I passed with a C and a B to go with all
my other grades--A's. And that C and B meant the world to me.
To this day, though, I don't know much
about physics.
Most of you know I'm now talking about
writing. Truthfully, I did not set out to become an author. I only wrote
stories for fun. After four completed manuscripts, I discovered electronic
publishers that did not want authors with agents, and I could submit
electronically. No paper submissions.
Yes, I became determined to get a
contract, but I did not go about the process willy-nilly.
First, in my newly found determination,
I made a list of about ten new electronic romance publishers I found the the RWA magazine.
At first, I didn't care what their
requirements were, I was interested in MY requirements:
~Nice covers without naked bodies
~A website that was inviting and easy to read
~A publisher that offered prints
~And an open invitation to submit, with
an exact list of the requirements
I chose five publishers for my first
submissions. One was The Wild Rose Press. I was offered a contract within three
weeks.
The rest is history.
But my determination now? I still have a
high level. Yes, I'm still just as determined as ever to write a good story,
submit it, get a contract, and have one more book published.
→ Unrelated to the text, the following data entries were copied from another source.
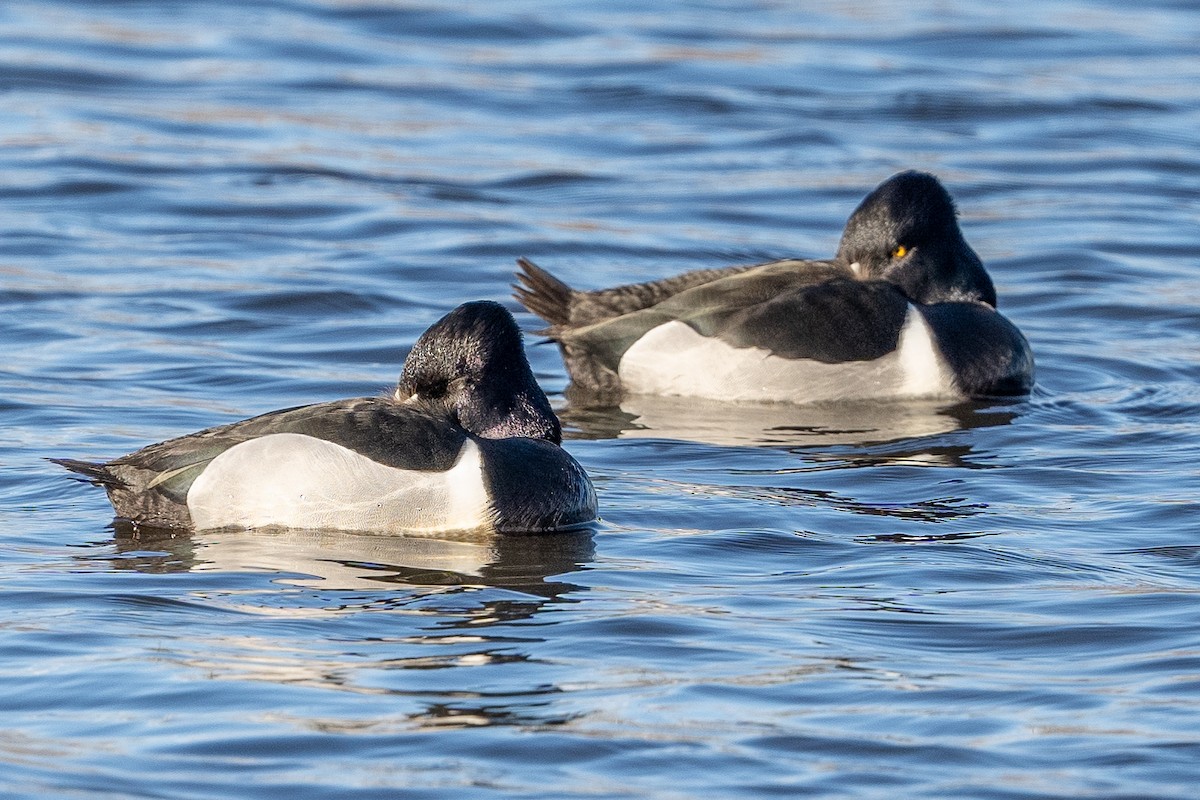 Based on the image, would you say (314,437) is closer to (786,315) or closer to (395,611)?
(395,611)

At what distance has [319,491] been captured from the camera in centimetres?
835

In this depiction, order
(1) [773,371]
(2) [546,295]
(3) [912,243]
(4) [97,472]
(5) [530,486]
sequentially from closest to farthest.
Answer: (4) [97,472]
(5) [530,486]
(1) [773,371]
(3) [912,243]
(2) [546,295]

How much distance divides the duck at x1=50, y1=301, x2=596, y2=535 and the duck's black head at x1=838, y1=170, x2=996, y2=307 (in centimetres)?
360

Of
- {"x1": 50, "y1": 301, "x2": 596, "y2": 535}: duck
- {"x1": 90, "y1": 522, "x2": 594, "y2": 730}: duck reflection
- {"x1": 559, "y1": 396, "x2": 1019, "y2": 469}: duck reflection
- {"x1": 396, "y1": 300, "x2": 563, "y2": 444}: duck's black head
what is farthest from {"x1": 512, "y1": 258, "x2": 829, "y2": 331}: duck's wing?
{"x1": 90, "y1": 522, "x2": 594, "y2": 730}: duck reflection

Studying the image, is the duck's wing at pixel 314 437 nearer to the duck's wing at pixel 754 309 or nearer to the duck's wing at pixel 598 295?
the duck's wing at pixel 754 309

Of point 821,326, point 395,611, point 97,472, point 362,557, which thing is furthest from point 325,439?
point 821,326

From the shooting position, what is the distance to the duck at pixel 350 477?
8.34 meters

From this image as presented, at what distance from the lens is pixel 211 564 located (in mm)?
8008

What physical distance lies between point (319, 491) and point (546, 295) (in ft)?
12.5

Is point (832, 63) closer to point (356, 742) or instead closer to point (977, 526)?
point (977, 526)

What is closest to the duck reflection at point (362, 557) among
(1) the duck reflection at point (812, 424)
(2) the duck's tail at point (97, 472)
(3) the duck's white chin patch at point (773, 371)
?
(2) the duck's tail at point (97, 472)

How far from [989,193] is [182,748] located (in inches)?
459

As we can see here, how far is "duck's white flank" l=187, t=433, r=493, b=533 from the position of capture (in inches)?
328

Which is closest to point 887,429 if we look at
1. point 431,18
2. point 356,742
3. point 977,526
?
point 977,526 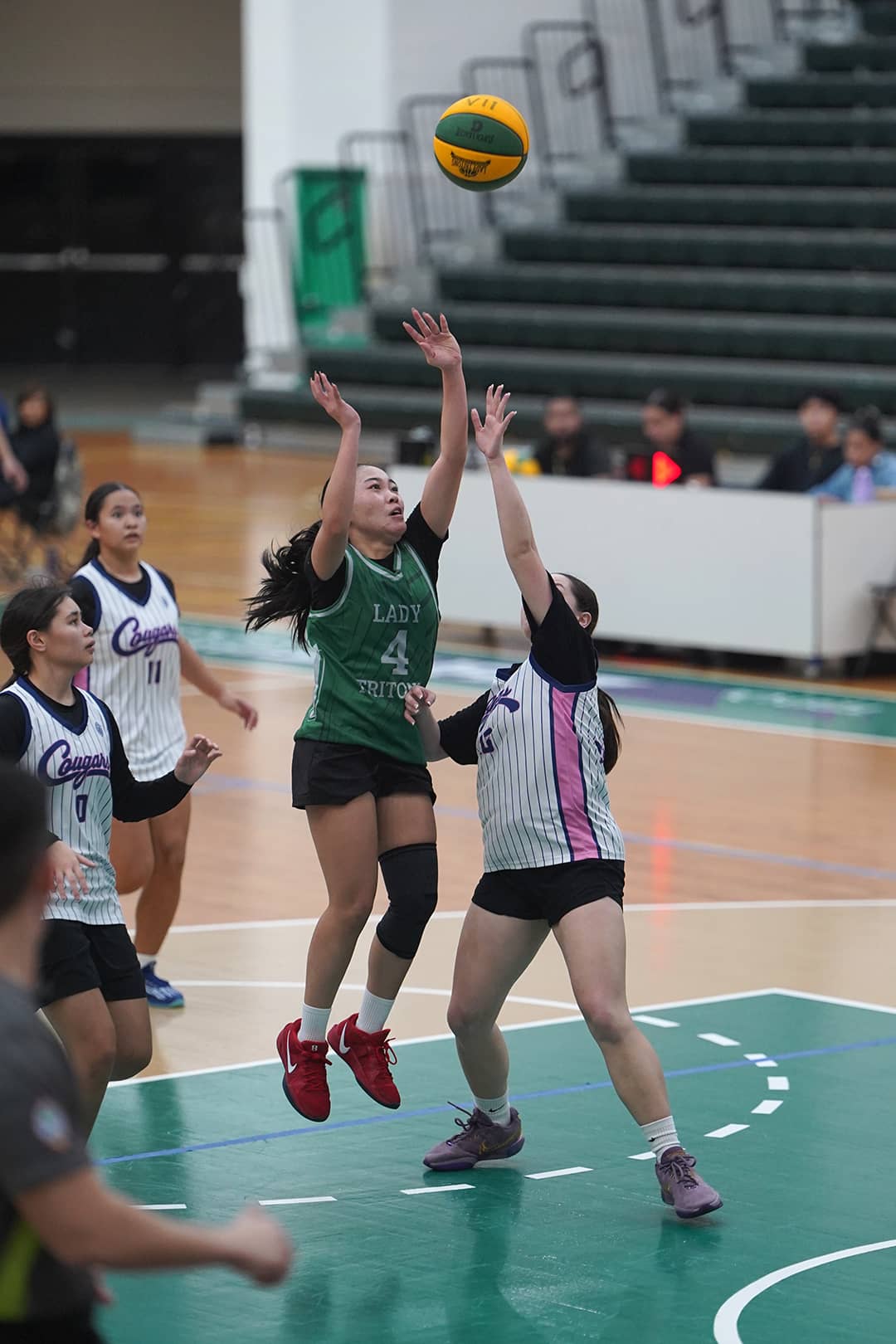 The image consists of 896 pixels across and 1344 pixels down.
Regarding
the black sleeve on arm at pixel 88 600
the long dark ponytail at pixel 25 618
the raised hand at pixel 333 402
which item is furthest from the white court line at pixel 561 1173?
the black sleeve on arm at pixel 88 600

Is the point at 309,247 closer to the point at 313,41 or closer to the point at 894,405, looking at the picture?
the point at 313,41

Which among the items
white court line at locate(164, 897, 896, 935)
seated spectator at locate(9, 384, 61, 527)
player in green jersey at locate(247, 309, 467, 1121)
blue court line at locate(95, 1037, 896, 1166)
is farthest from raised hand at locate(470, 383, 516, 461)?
seated spectator at locate(9, 384, 61, 527)

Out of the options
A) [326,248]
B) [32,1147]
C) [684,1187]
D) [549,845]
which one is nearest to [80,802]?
[549,845]

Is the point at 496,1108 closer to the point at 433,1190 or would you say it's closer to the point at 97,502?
the point at 433,1190

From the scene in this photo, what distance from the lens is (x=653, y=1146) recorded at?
5.49 m

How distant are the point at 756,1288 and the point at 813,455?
32.1 ft

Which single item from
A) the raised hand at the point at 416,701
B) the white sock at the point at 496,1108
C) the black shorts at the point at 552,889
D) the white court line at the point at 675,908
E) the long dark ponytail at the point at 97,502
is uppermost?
the long dark ponytail at the point at 97,502

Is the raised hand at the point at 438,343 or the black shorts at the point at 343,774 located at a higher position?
the raised hand at the point at 438,343

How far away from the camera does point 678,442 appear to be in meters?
14.5

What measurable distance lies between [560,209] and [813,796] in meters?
15.8

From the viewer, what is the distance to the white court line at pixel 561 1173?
5.85 m

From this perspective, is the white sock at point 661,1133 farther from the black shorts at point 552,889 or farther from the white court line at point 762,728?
the white court line at point 762,728

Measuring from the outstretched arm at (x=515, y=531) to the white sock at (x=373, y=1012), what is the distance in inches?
41.8

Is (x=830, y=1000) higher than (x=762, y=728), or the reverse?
(x=762, y=728)
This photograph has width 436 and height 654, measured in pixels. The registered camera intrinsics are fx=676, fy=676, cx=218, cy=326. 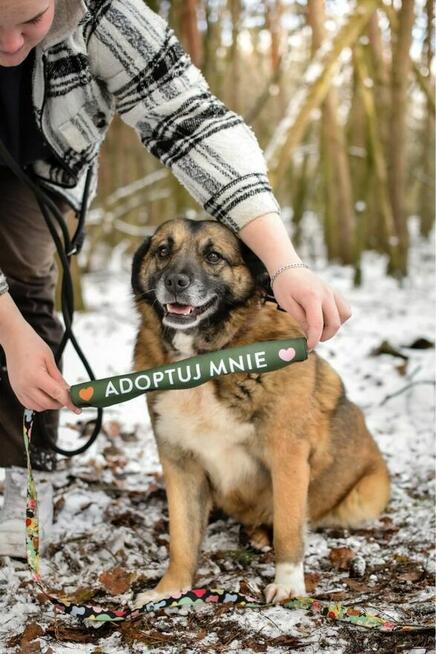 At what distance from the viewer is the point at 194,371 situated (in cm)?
185

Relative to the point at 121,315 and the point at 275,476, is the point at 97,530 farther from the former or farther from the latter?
the point at 121,315

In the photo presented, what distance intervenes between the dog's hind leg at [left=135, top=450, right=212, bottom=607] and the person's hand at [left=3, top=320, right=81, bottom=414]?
770 millimetres

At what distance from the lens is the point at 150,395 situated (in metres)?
2.52

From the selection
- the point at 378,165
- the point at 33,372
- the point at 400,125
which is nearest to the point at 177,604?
the point at 33,372

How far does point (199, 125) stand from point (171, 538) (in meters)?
1.43

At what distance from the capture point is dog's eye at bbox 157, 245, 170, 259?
255 centimetres

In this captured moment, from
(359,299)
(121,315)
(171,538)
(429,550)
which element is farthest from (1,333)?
(359,299)

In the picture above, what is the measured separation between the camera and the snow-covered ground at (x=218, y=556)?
197 centimetres

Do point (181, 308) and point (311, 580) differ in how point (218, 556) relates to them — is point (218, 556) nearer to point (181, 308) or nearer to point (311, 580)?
point (311, 580)

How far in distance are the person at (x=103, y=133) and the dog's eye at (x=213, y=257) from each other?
1.15 feet

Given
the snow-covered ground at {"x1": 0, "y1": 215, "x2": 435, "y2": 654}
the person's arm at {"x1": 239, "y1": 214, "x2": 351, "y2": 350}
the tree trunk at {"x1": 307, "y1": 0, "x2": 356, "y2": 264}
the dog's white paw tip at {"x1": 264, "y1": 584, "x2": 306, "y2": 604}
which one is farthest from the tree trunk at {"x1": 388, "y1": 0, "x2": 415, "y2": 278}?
the person's arm at {"x1": 239, "y1": 214, "x2": 351, "y2": 350}

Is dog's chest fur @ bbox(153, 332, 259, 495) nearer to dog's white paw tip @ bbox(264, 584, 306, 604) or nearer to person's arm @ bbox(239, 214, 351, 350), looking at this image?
dog's white paw tip @ bbox(264, 584, 306, 604)

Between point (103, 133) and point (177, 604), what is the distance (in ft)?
5.18

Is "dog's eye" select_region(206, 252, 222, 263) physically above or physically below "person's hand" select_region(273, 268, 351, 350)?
below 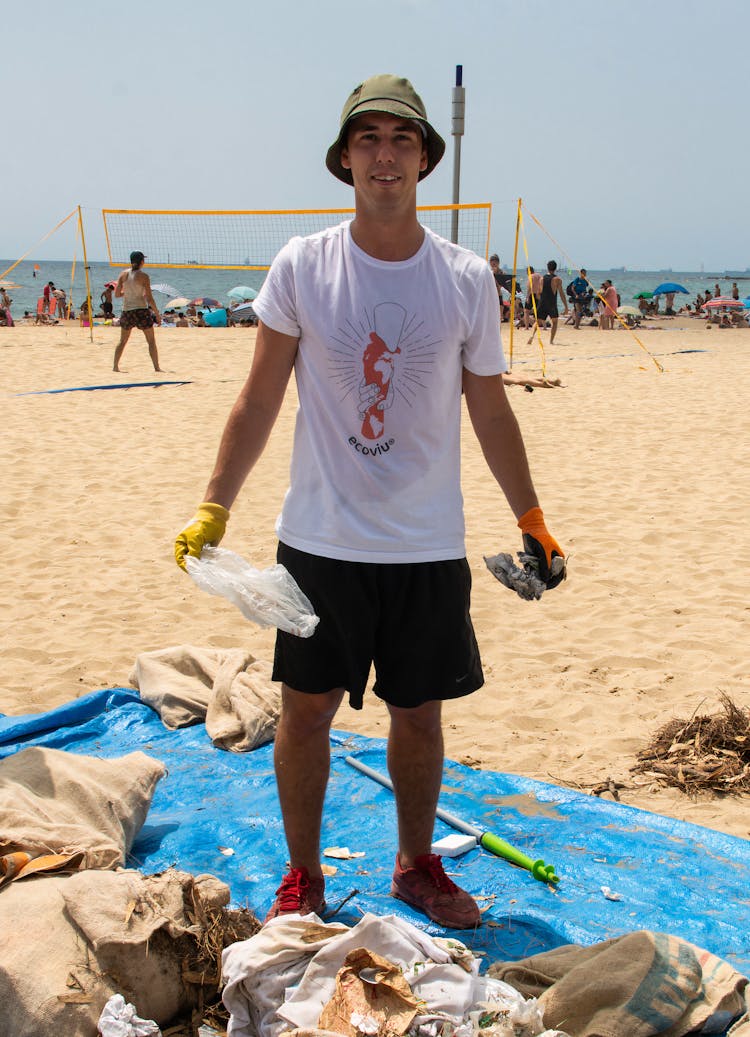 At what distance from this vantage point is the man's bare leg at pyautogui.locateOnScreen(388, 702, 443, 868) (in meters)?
2.27

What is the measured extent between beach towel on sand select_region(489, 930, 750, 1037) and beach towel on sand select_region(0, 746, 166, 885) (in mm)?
967

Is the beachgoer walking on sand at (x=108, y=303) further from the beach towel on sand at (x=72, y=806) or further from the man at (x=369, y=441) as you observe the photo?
the man at (x=369, y=441)

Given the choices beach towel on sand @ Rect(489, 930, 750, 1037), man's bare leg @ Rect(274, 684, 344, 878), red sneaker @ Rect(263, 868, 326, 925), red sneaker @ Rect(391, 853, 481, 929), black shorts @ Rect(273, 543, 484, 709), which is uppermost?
black shorts @ Rect(273, 543, 484, 709)

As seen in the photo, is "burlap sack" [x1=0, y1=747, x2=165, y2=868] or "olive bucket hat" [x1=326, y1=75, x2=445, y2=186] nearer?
"olive bucket hat" [x1=326, y1=75, x2=445, y2=186]

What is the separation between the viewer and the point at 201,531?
214cm

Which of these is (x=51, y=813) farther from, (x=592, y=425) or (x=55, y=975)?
(x=592, y=425)

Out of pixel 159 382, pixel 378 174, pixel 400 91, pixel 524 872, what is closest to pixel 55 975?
pixel 524 872

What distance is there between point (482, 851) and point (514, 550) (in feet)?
9.66

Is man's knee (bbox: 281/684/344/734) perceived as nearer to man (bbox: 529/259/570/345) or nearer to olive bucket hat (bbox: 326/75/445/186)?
olive bucket hat (bbox: 326/75/445/186)

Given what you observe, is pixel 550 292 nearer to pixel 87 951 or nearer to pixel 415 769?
pixel 415 769

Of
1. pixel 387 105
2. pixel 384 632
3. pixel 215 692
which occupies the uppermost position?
pixel 387 105

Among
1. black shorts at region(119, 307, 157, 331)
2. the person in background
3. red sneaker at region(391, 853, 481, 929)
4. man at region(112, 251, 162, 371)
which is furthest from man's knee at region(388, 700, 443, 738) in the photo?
the person in background

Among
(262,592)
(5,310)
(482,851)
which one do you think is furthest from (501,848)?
(5,310)

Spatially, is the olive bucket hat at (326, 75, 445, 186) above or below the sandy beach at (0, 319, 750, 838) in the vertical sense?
above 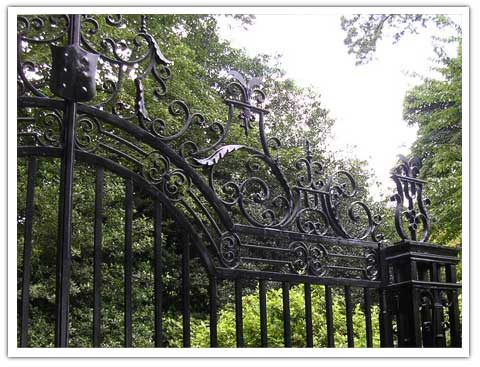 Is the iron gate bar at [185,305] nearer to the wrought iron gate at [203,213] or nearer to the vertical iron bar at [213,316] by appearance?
the wrought iron gate at [203,213]

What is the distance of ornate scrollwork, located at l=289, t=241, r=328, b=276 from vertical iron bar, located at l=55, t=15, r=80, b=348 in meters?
Answer: 1.22

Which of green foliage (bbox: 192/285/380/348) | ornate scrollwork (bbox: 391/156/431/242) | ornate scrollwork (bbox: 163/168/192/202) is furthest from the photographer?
green foliage (bbox: 192/285/380/348)

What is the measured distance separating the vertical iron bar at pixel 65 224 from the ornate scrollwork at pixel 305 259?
1225mm

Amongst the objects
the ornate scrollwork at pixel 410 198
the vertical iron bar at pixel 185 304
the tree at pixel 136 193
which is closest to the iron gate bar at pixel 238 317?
the vertical iron bar at pixel 185 304

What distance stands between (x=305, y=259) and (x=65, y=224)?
1351 mm

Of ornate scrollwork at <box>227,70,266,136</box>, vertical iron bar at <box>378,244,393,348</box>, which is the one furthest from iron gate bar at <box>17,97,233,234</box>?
vertical iron bar at <box>378,244,393,348</box>

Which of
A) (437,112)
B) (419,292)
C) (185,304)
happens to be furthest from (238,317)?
(437,112)

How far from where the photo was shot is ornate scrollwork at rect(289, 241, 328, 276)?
3.35 meters

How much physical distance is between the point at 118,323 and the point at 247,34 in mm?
5414

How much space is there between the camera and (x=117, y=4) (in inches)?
122

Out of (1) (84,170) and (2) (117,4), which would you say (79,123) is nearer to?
(2) (117,4)

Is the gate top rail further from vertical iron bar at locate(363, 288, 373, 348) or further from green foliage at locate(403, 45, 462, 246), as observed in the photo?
green foliage at locate(403, 45, 462, 246) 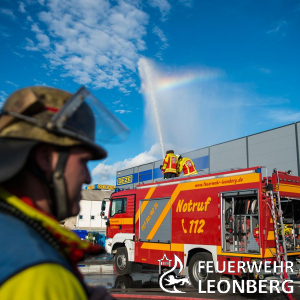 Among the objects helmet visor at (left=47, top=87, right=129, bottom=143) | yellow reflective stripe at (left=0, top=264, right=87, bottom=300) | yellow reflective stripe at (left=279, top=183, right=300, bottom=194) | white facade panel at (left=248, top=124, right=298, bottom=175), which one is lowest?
yellow reflective stripe at (left=0, top=264, right=87, bottom=300)

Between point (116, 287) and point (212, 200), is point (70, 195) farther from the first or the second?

Of all the things I learned to do later
in life--learning to play golf and bridge--becoming an author with multiple
books is at the very top of my favorites list.
I'm as determined now as before, and I
will not stop until I become bored...or something else stops me.
Many things in life just ordinarily
happen, don't they?
But how many things happen completely
out of the blue, things so weird and different you wonder how you could
succeed?
I'm certain many of you out there can
identify. I'd love to hear your story.